Aid Transparency: Information about aid spending is steadily becoming more available, but it also needs to become more useful, concludes a report released by Publish What You Fund. For the first time, a U.S. agency – the Millennium Challenge Corporation – ranks top, scoring 89%, more than double the average score.

Global Transparency Week: See listing of eventsfor thge last week of October.

Open Access Week: Same week, go figure, see more here.

Open Data Declaration: The Global Open Data Initiative invites the public to comment on this declaration in this commentable version of the text below, please add your thoughts by November 8, 10.00am GMT. See also the Declaration announcement blog post.

Open Data: The revolution will NOT be in Open Data writes Duncan Edwards from the Institute of Development Studies.

A common narrative in many “open” development projects goes along the lines of “provide access to data/information –> some magic occurs –> we see positive change.” In essence, because of the newness of this field, we only know what we THINK happens, we don’t know what REALLY happens because there is a paucity of documentation and evidence.

He says later:

Understanding and thinking through how we get from the “openness” of data, to how this affects how and what people think, and consequently how they MIGHT act, is critical in whether “open” actually has any additional impact.

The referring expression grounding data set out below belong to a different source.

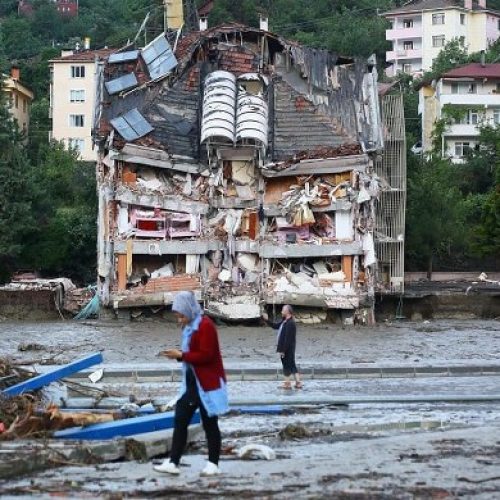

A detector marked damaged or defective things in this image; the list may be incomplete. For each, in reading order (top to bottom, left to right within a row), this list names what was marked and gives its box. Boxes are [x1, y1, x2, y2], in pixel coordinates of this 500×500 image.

damaged facade [93, 22, 406, 320]
flood damage [94, 24, 406, 320]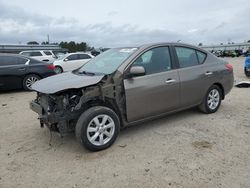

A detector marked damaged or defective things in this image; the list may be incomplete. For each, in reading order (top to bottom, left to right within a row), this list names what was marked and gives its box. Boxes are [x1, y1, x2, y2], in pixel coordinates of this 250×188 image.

crumpled hood [32, 71, 104, 93]
damaged sedan [30, 43, 233, 151]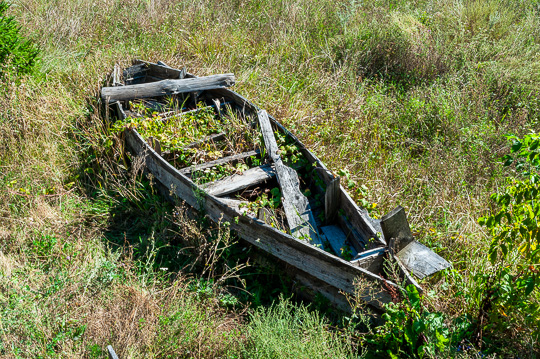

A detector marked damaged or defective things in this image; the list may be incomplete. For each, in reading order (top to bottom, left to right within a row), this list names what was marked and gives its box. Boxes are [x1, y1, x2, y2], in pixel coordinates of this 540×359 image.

broken plank [101, 74, 236, 102]
broken plank [179, 150, 260, 176]
broken plank [205, 165, 276, 197]
broken plank [258, 109, 320, 245]
splintered wood [258, 108, 320, 246]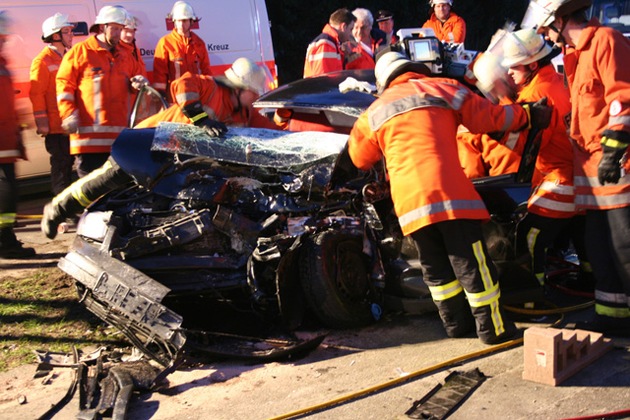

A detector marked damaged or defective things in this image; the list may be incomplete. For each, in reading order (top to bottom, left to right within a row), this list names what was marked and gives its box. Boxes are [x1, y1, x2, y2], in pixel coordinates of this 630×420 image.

shattered windshield [153, 121, 350, 169]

He discusses the role of information intermediaries and “what happens after people are able to access and internalise open data and information,” among other topics.

United States: Secrecy News Blog reports that the Department of Defense Inspector General released its Evaluation of Over-Classification of National Security Information. “Unfortunately, the new report is superficial, incomplete and sheds little light on either the problem of overclassification or any potential solution.”

United States: The Reporters Committee for Freedom of the Press released iFOIA at the Online News Association conference. “The app makes everything about FOIA requests much easier — you can generate requests, track them, set reminders, file an appeal or a Vaughn motion, and even scan in any offline communication.”